** TASK GOAL **
Below are records with pictures in them. Output exactly the lines from the one with "NIKE KOBE 11 ELITE LOW x PÂQUES" through the one with "Arcobaleno Rooms กาญารี ภายนอก รูปภาพ", both included, and leave every picture out; give only those lines.

** EXERCISE DATA **

################

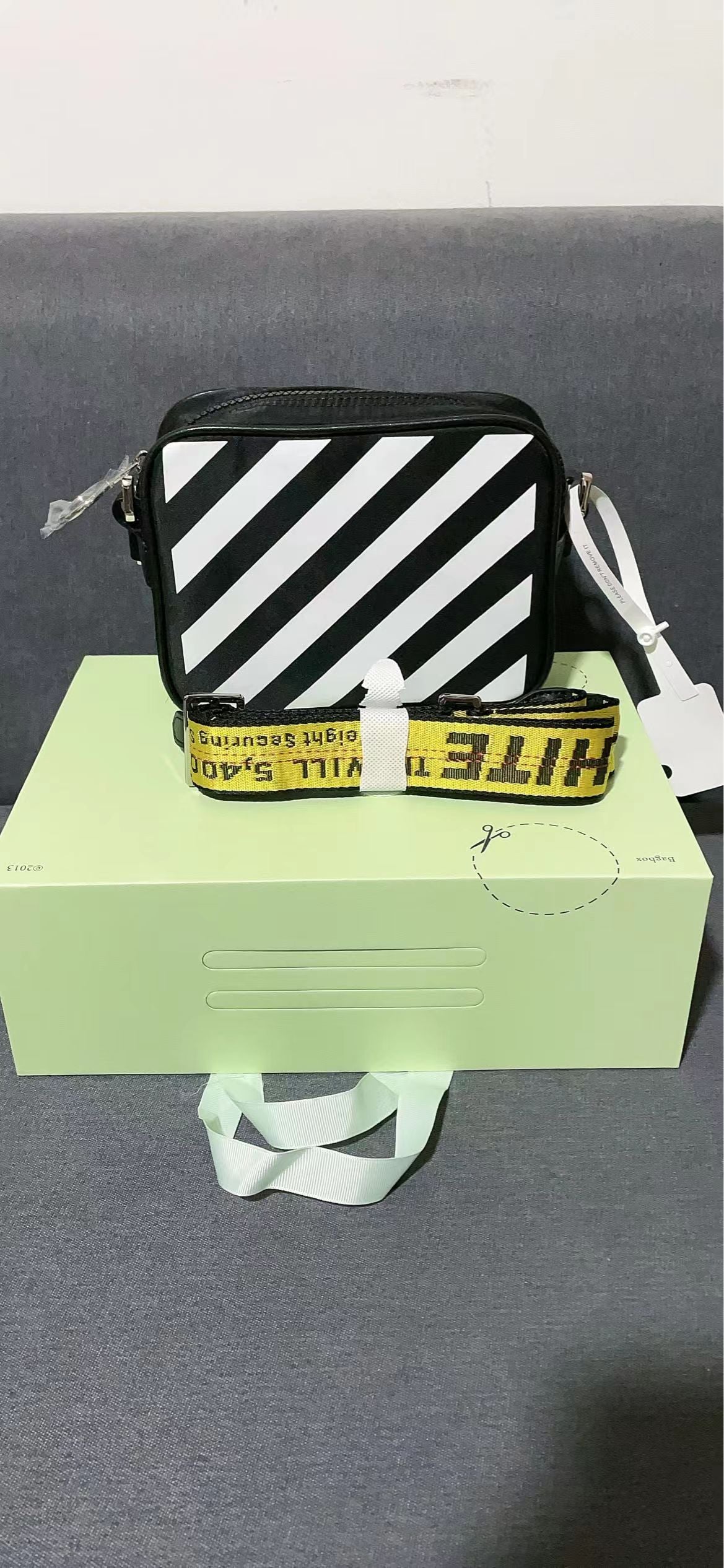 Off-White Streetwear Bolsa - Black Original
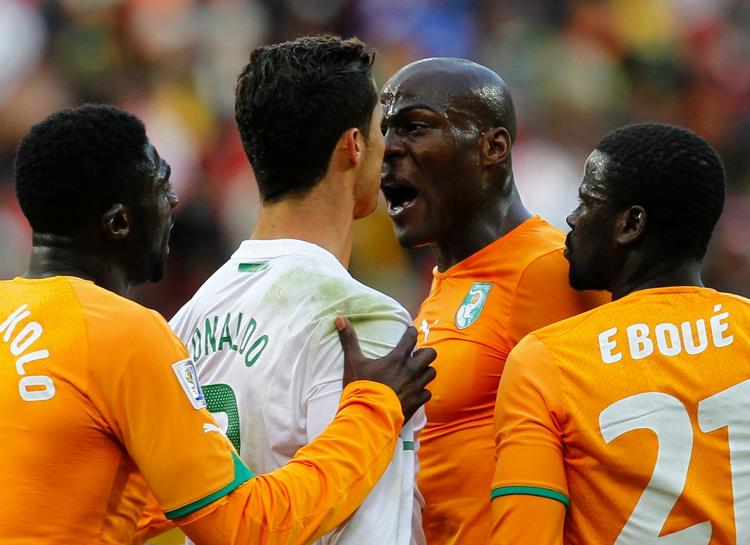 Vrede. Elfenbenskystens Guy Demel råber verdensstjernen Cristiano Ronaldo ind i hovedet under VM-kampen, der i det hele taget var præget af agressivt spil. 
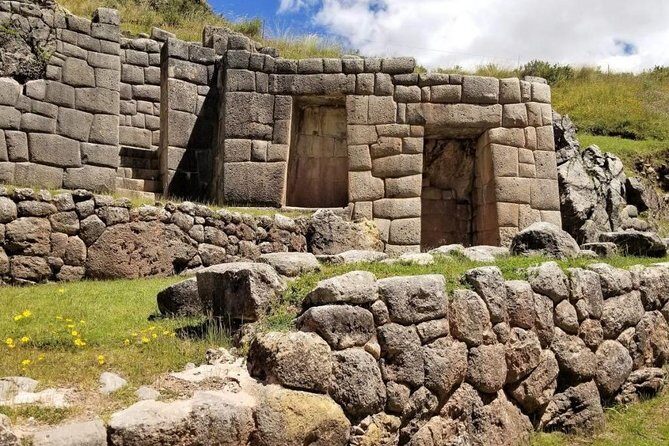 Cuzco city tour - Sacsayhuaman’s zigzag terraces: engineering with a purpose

################

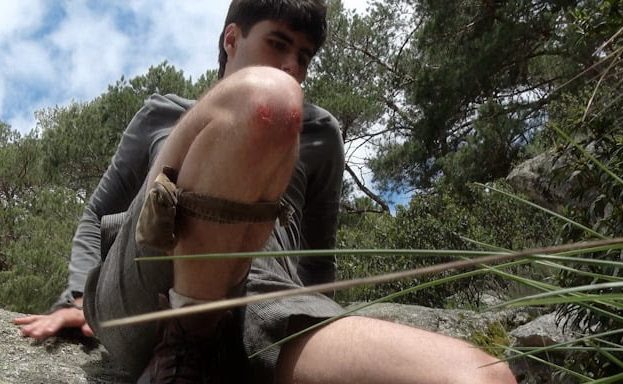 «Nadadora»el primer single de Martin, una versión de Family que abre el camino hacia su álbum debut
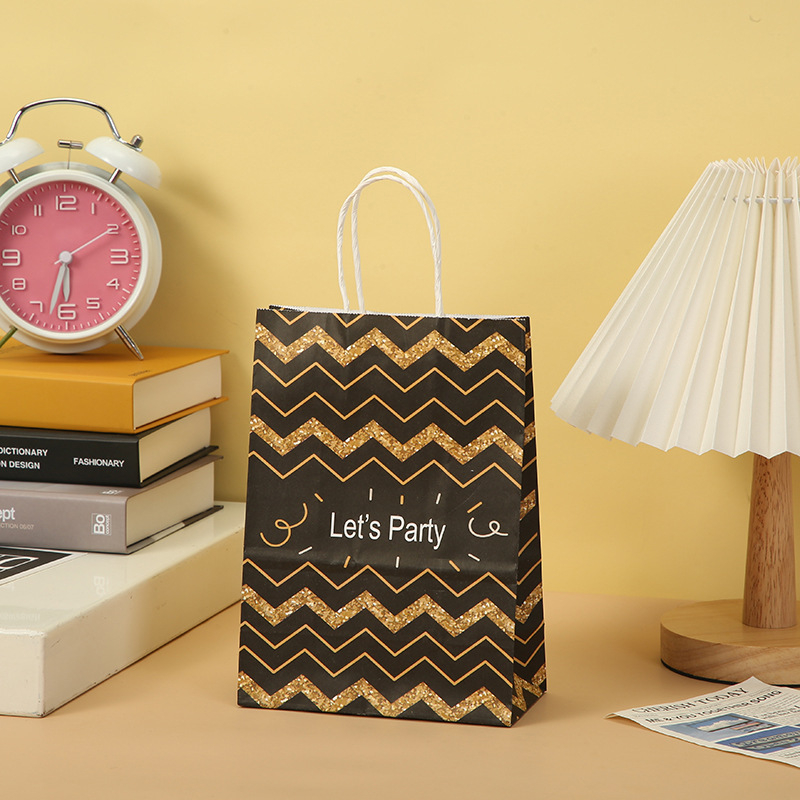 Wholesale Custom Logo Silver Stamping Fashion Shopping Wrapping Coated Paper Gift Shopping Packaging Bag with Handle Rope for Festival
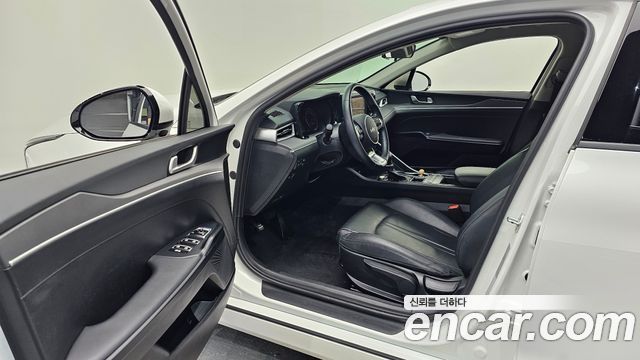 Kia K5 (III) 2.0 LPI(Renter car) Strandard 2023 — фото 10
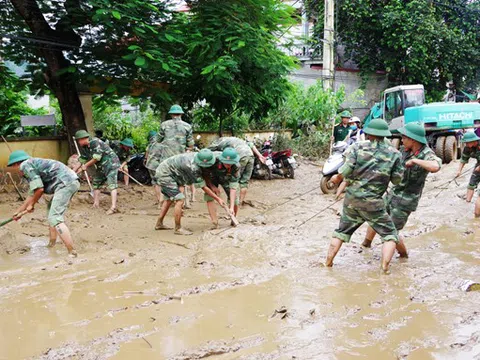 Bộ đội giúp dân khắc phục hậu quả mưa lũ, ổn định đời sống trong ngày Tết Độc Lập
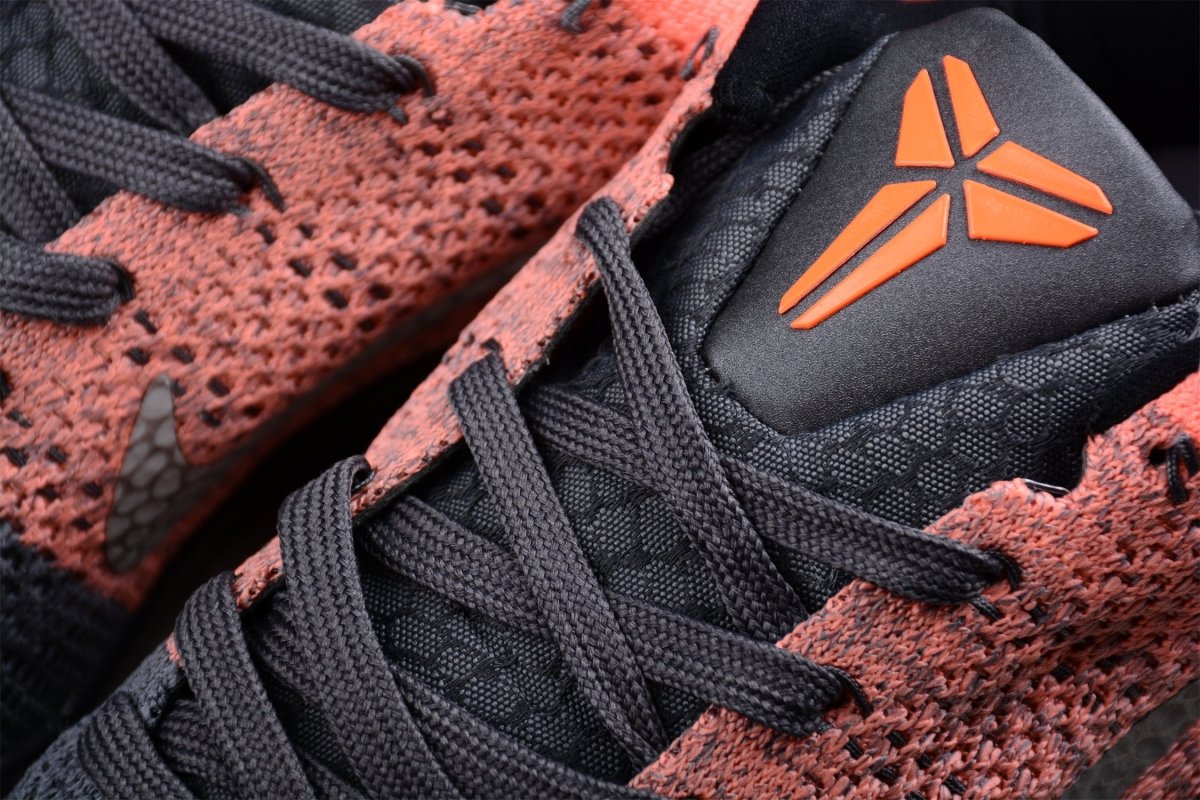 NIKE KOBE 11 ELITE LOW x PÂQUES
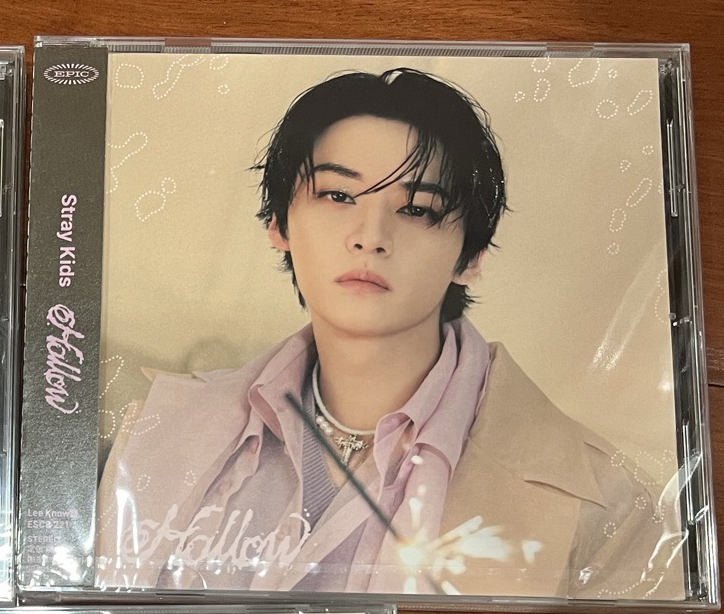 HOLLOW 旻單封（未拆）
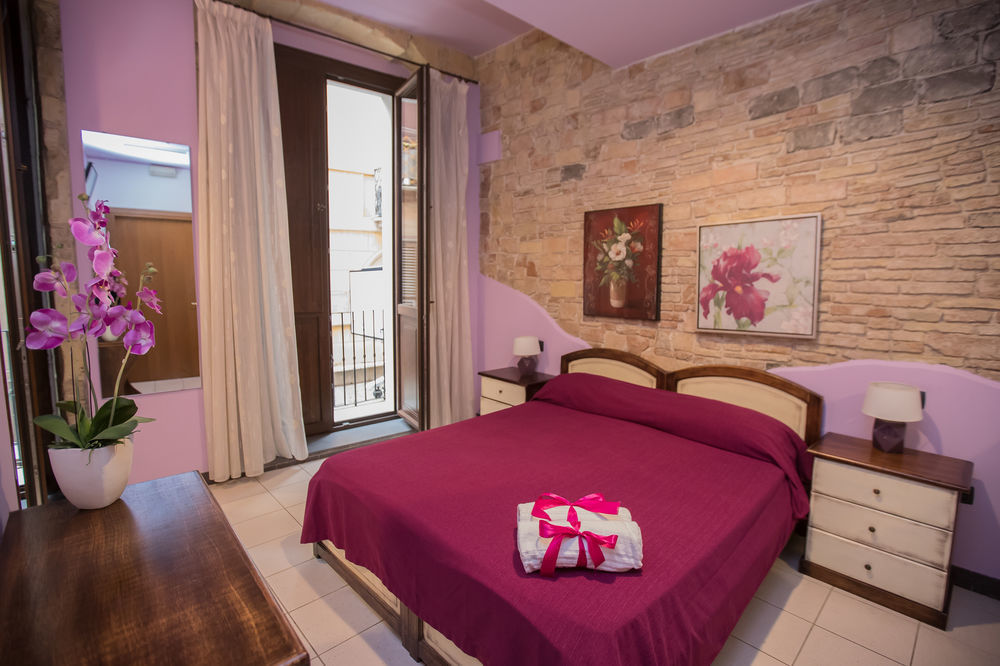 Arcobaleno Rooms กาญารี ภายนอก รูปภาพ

################

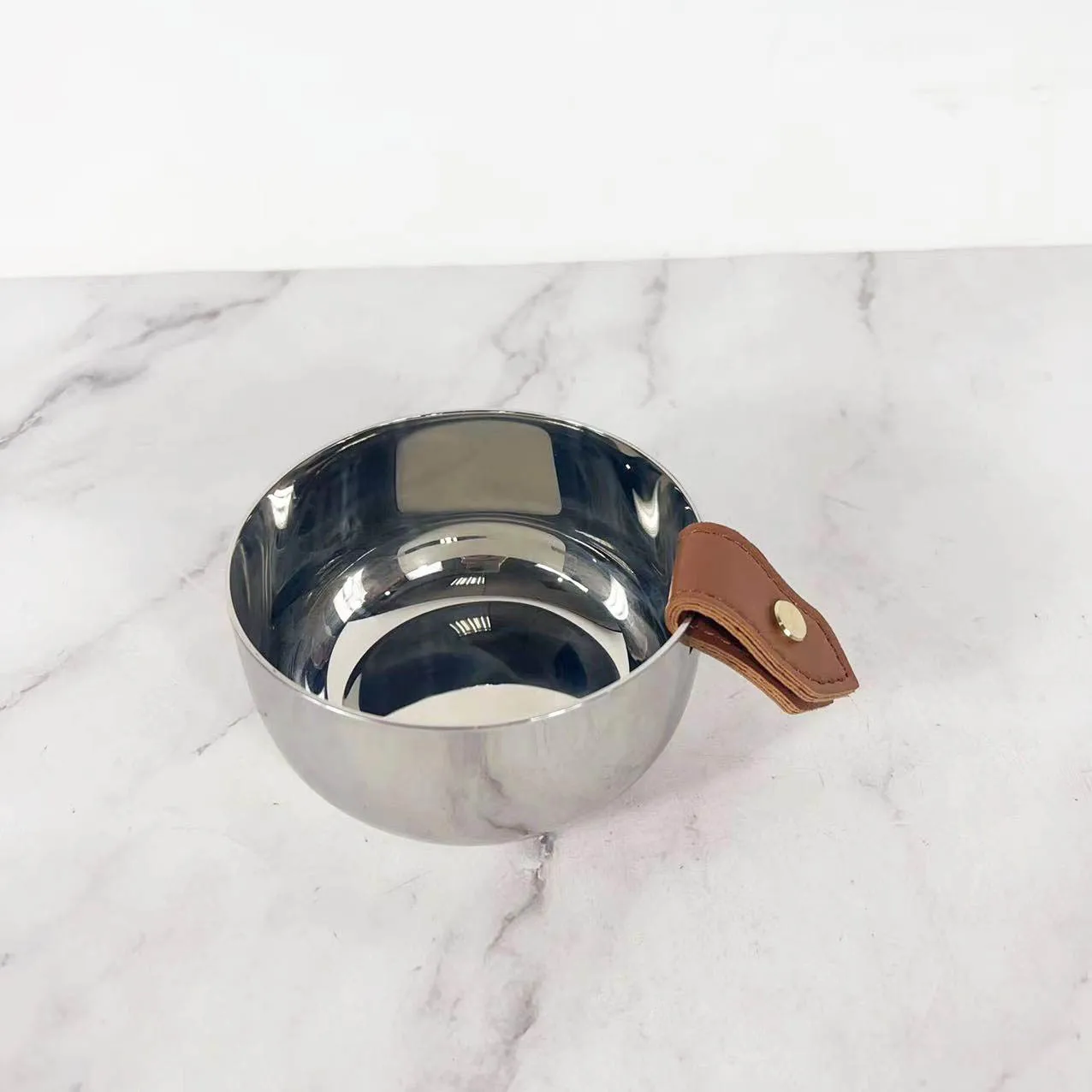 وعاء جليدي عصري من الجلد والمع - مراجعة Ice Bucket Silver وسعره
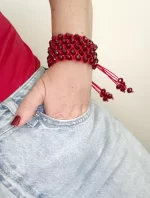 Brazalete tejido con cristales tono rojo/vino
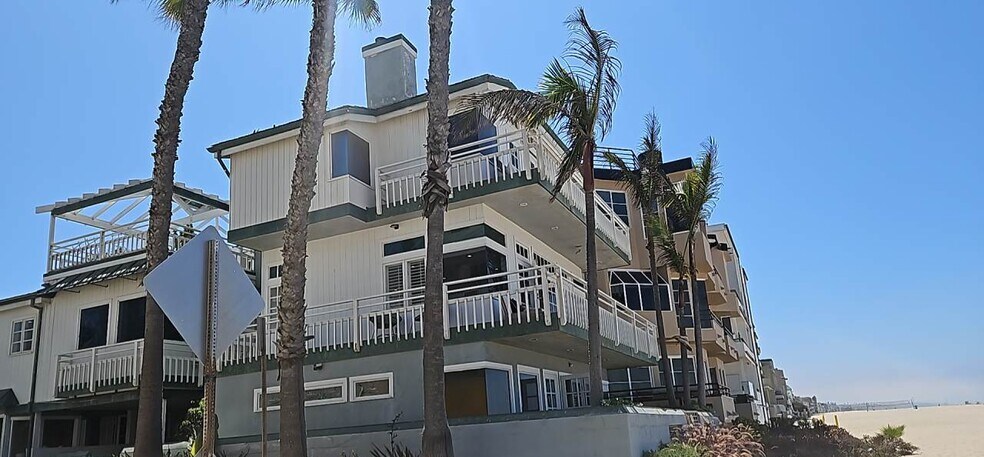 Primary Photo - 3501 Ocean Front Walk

################

** RESPONSE TO THE TASK **
 NIKE KOBE 11 ELITE LOW x PÂQUES
 HOLLOW 旻單封（未拆）
 Arcobaleno Rooms กาญารี ภายนอก รูปภาพ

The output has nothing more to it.